On a merry dance that’s where. I’m very good at procrastination. In fact, I say I’m the world’s foremost practitioner on the subject (the procrastinator’s procrastinator if you will) which is why I’m so dependent on GTD, Personal Kanban et al to keep me honest. But, I can, on occasion, regress to my more natural, procrastinating state. One of my favourite procrastination techniques (see, I’m so good, I have techniques) is to devote serious time considering some seriously non-serious topics.
One: I think about the time when the 12-yr old me refused to swap a supermarket trolley for a French woman’s offer of a 10 Franc coin. I didn’t understand what she wanted (it would save us both time! Of course!) and walked away. I really should apologise for wasting her time but, to do so, I need to consider the probability and inherent difficulty in a) tracking her down and b) if she’d remember. It’s close to 0 I think but without more in-depth thought I can’t say for sure.

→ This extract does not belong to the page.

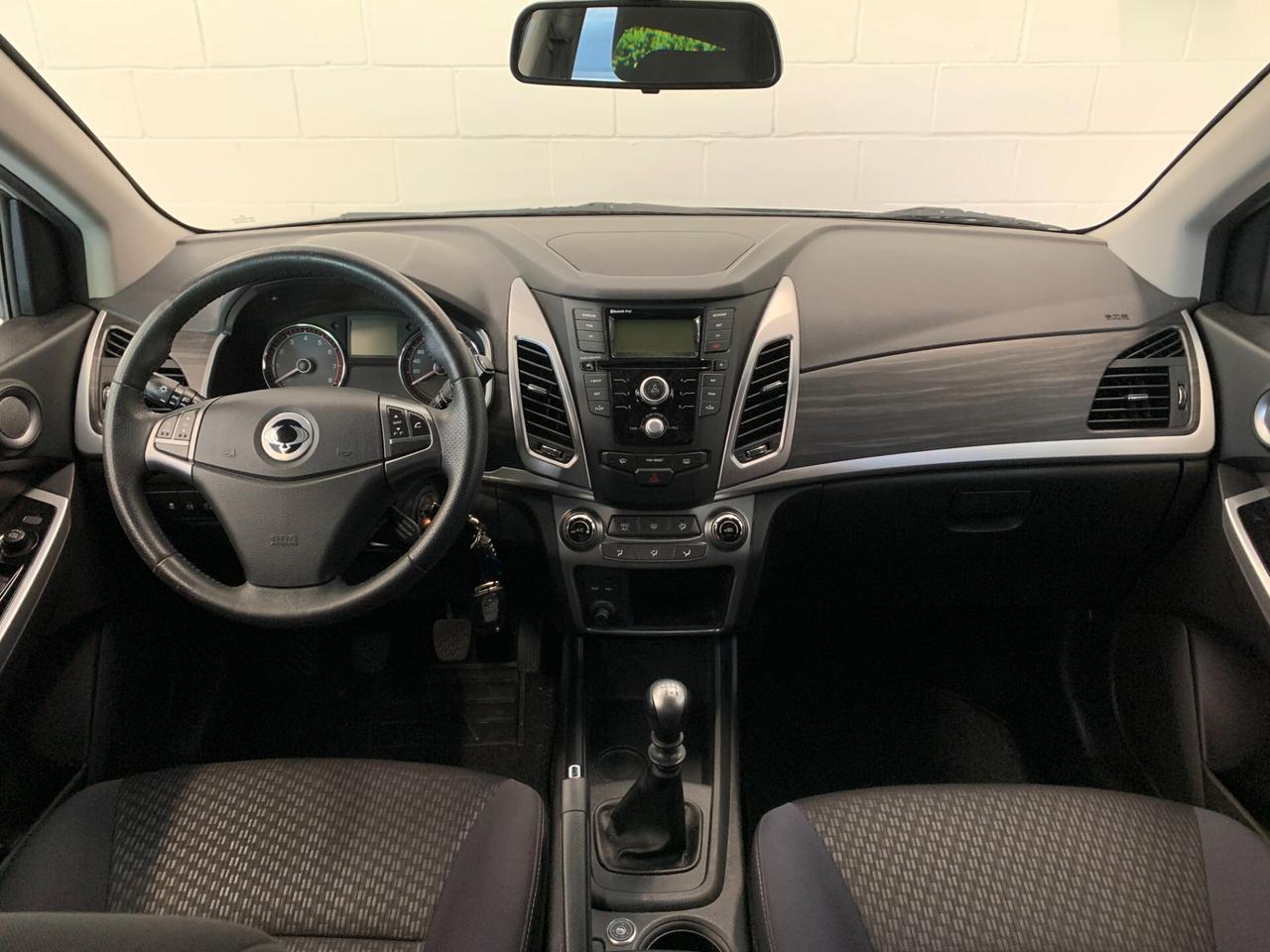 Ssangyong Korando 2.0 2WD MT GPL Limited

Two: (Note, this is the most insidious of the lot. I advise you to not do this). I calculate the number of years between my age (37) and someone else’s when they did something of interest.
Bruce Willis was only 33 when he made Die Hard? Gah! That was 4 years ago for me! What have I been doing?
Three: I wonder whether I could write one of those rubbish self-help books you-flick-through-at-the-book-shop-counter-only-to-shake-your-head-in-bafflement-at-the-cheek-of-it and, if so, the minimum number of pages I need to write. I’ve got a working title so I’m almost there: “The Power of Tomorrow Today”. I can see the printing presses going already!
I wouldn’t mind procrastination so much if it resulted in output of value. But, as the examples above quite clearly show, it rarely does. File it under ‘Avoid at all costs’ forthwith.